Since that day, I have been consistently aware of these
women around me. I have tried to emulate them in Rome (disastrous sweater tying
incident), London, (unfortunate high heel/cobblestone street episode) and the
French Riviera (ridiculous nude beach fiasco, don’t ask). So far I have failed
miserably at becoming these bastions of feminine style, grace and
sophistication. For many years, about the best I could hope for was not to have
them point at my Asda/Walmart jeans, scream and have me forcibly removed from
their sight by their football playing boyfriend, Chad. Eventually I accepted
the sad fact that I was never going to be one of those women who could master
the perfect ponytail. Comfort would never be on my side, I was going to have to
make an effort. And it was probably going to hurt.
So it has been since
my mid-twenties; pulling it together, but never quite achieving that effortless
clean beauty that Beth Johnson seemed to take for granted, and that these
European women continued to taunt me with. Lucky for me then that I moved to
Norway, where I have been met by an entire nation of Beth Johnsons. Better break out the hair dye and the preppy
handbook, I thought when I moved here, here
we go again.
In keeping with this eternal quest for self-improvement, I
began checking out the Norwegian women.
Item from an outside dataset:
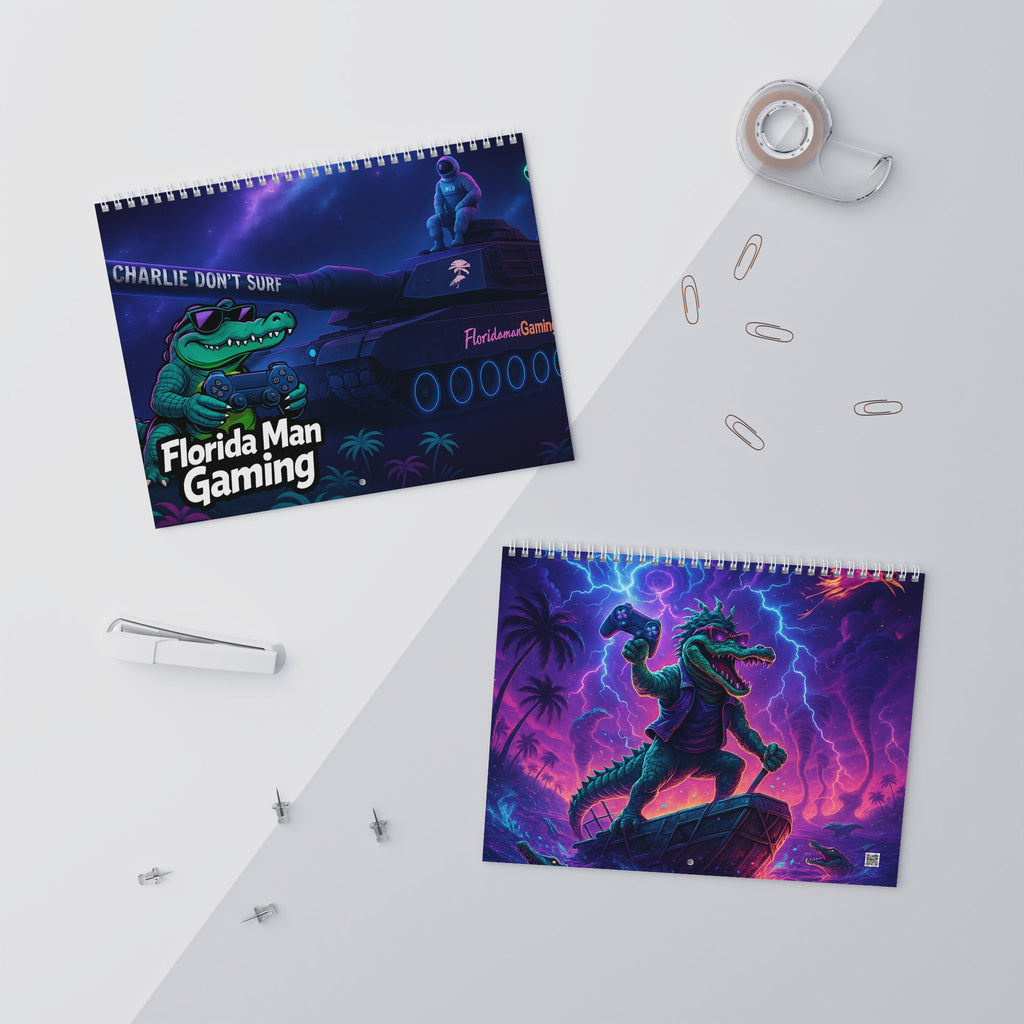 2026 Neon Alligator Art Wall Calendar — Funky Retro Aesthetic Monthly Planner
No, not in THAT way. In a kinda sad, 40
–something trying to fit in kinda way. I am now pleased to share with you the
results of my findings.
1)
Many Norwegian women have a natural elegance.
Maybe this comes from generally being a pretty tall race. Maybe I just have to
say that or they will kick my a**. Being 5’8 ish myself, it is rare I feel
“dainty”, except once in Fiji. That was a good week. Anyway, tall girls, this
is your place.
2)
They are seriously sporty. I am often at the gym
or outside for run, but these women are ALWAYS outside doing something athletic.
Most of the time I notice them bounding past me in running tights that make
them look like really powerful gazelles. Me? I am probably closer to one of the
running bulls of Pamplona, if they wore light reflective jogging jackets and
Ipods.
3)
They somehow make winter dressing look stylish.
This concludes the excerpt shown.